Cohen brought a wholly different flavor to CEPH's scientific enterprise. If Dausset was the artisan of genetic research, Cohen was the entrepreneurial industrialist. In Rabinow's account, Cohen is all movement and action, with boundless energy that keeps him continually on the go beyond the borders of France and academic research. He is Rabinow's sponsor, captivated by the idea of disseminating his vision through the lens of an anthropologist whom he calls a “philosophic observer.” At the time of Rabinow's visit, Cohen's tireless activity had brought to CEPH the possibility of collaboration with Millennium Pharmaceuticals, a Boston-based startup company eager to use the French center's DNA collection for therapeutic research. The project brought to the fore questions about who owned or could control the genetic data. During the early months of 1994, the controversial proposal was broached to CEPH, created a firestorm that engaged prominent politicians and the national press, and eventually died. The prospect of sharing with Americans what one political leader characterized as “French DNA” underlined the uneasiness that many felt about foreign intrusions into French cultural space. This episode provides Rabinow his book title and also his argument that sites like CEPH are ethnographic goldmines in which are sorted out the values that give contemporary cultures their distinctive cast.

True to his “philosophic” mission, Rabinow speculates that recent advances in genetic science and technology have forced French intellectuals to confront a recurrent tension: between religious and humanistic understandings of individual and society on the one hand, and, on the other, the barbaric forces of science and capital that would define the human body in terms of DNA, without the benefit of any civilizing moral discourse. He situates the CEPH-Millennium debate in this purgatorial space, between a deep-seated fear of dissolving the communal bonds of benevolence and the siren call of enlightened self-interest. What is distinctively French asserts itself not by reproducing any enduring historical patterns but through unexpected juxtapositions of persistent themes and elements. Rabinow repeatedly invokes the term “assemblage” to describe the thing he is investigating. It is a makeshift construct, unpredictable in its impact on contemporary events.

This embrace of the ad hoc and unsystematic aspects of culture raises a number of questions about Rabinow's method and conclusions. As if serving a self-referential function, the book itself is an assemblage—a little social theory, a bit of art history, some cultural anthropology, a brief sortie into the scandal over HIV-contaminated blood, field notes from CEPH, interviews with journalists. Elegant and slim, this array of offerings has a little the effect of a taster's menu at an extremely up-market restaurant. We are in the company of a man of taste, with an eye for presentation and a talent for mixing odd ingredients, but it is an idiosyncratic selection and, while one's appetite is piqued, one is constantly reminded of things left out. There are places, for example, that lie outside the anthropologist's line of sight, from CEPH board meetings to governmental advisory committees, in which the fateful encounter between DNA and French sensibilities is also being played out. Would these settings have changed the picture? Not including them surely weakens the book's claim that renouncing the Millennium deal amounted to an assertion of patrimony in French DNA.

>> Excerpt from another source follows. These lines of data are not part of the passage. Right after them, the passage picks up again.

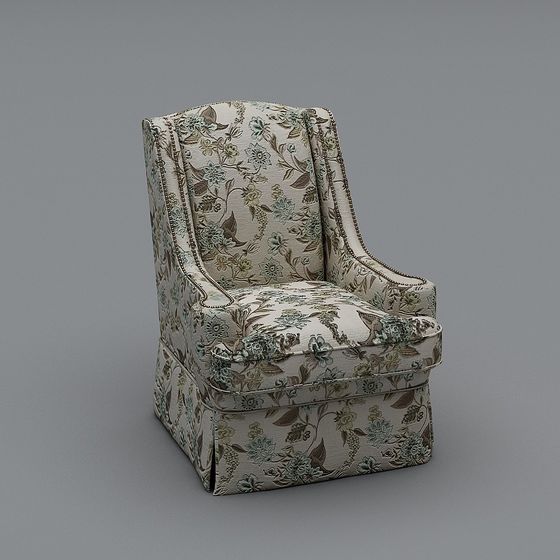 Classic High-Back Chair 3D model Inspired by 18th Century Europe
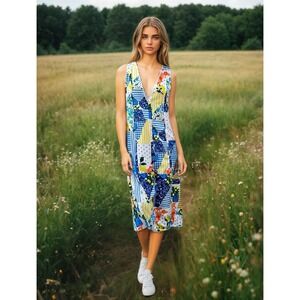 Commense M NWOT Patchwork Floral Print Maxi‎ Dress Sleeveless Cottagecore Summer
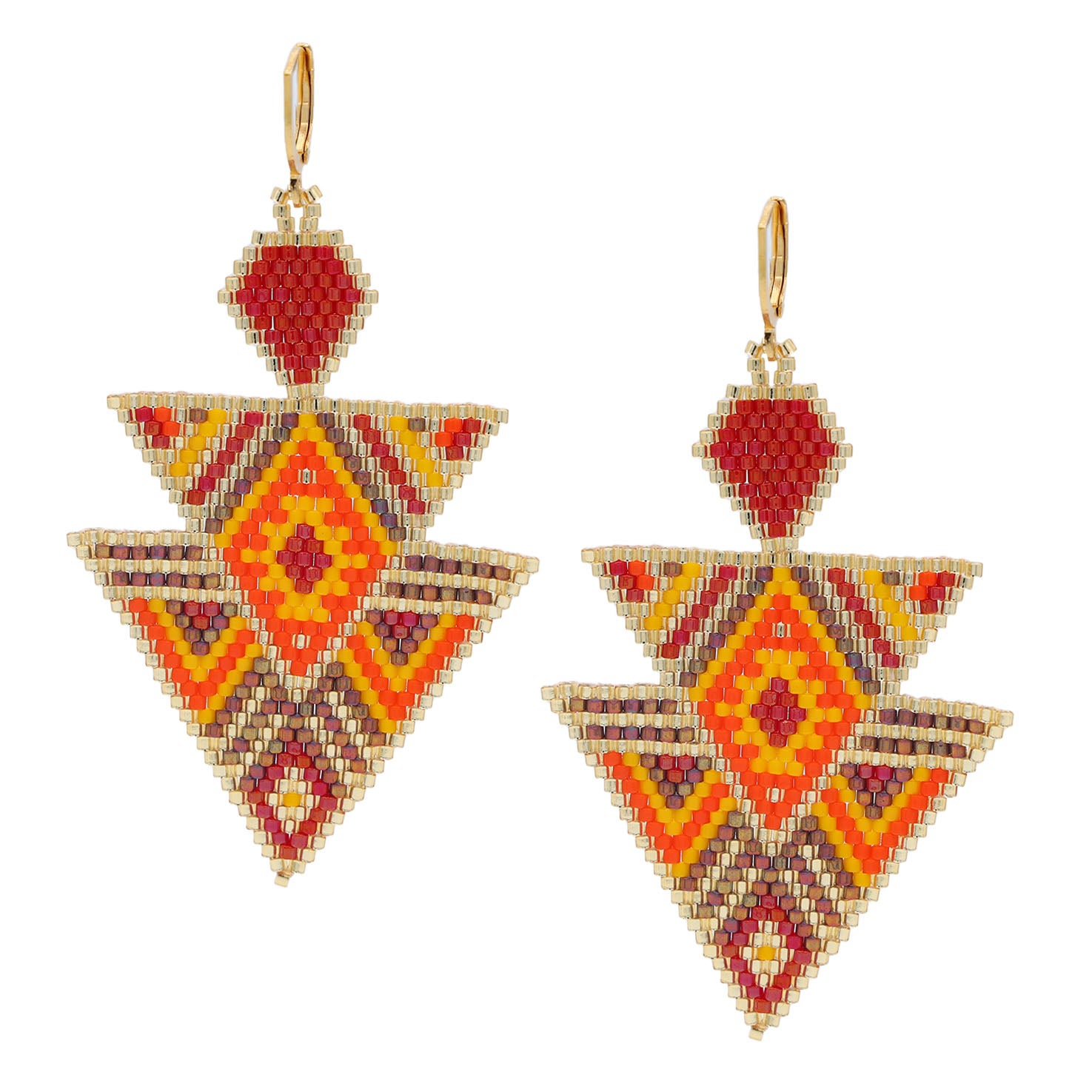 Vísi Wixárika Beaded Statement Earrings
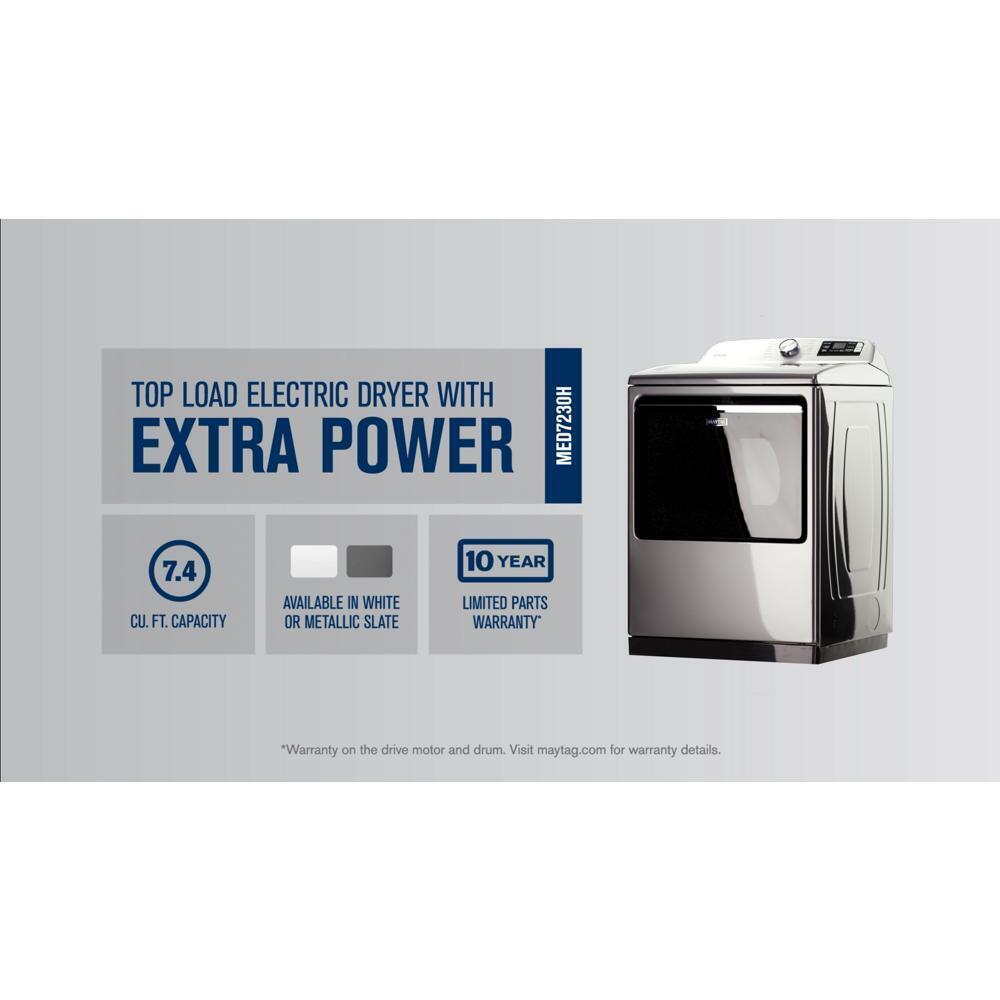 Smart Top Load Electric Dryer with Extra Power - 7.4 cu. ft. - (MED7230HC)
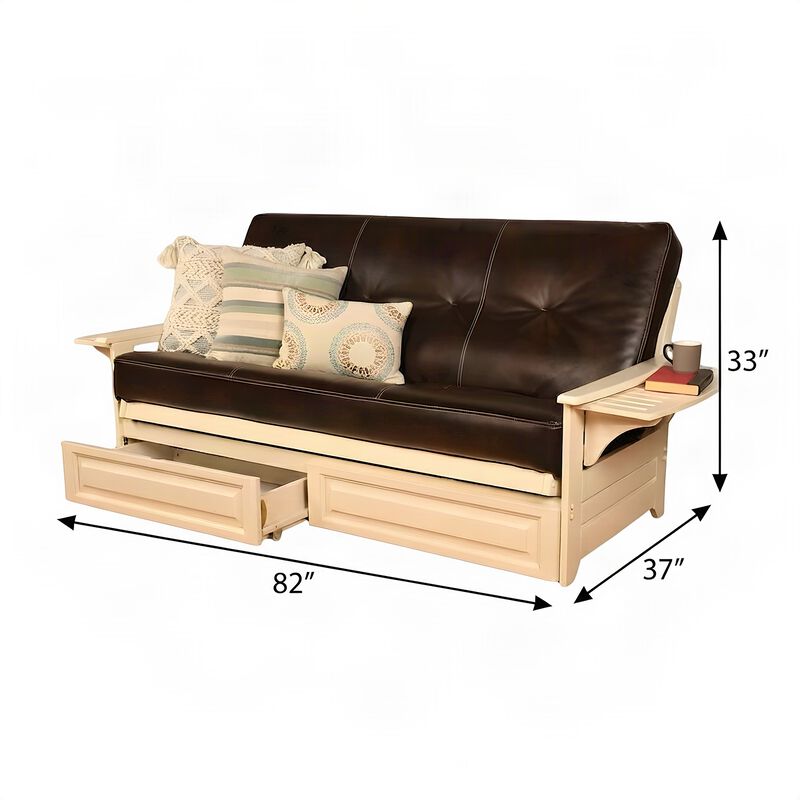 Phoenix Frame-Antique White Finish-Oregon Trail Java Mattress-Storage Drawers image number 6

It is easy to agree with Rabinow that there is something qualitatively remarkable about the place of bioethics in French public discourse. It is much less obvious that bioethicists will have serious impact on the organization of research at the frontiers of human genetics. The rhetoric of solidarity may keep American capital at arm's length for a time without forestalling equally problematic partnerships between public knowledge and private finance within France. Rabinow's book educates us in the likely terms of the French debate. He leaves us guessing about the future of DNA in France.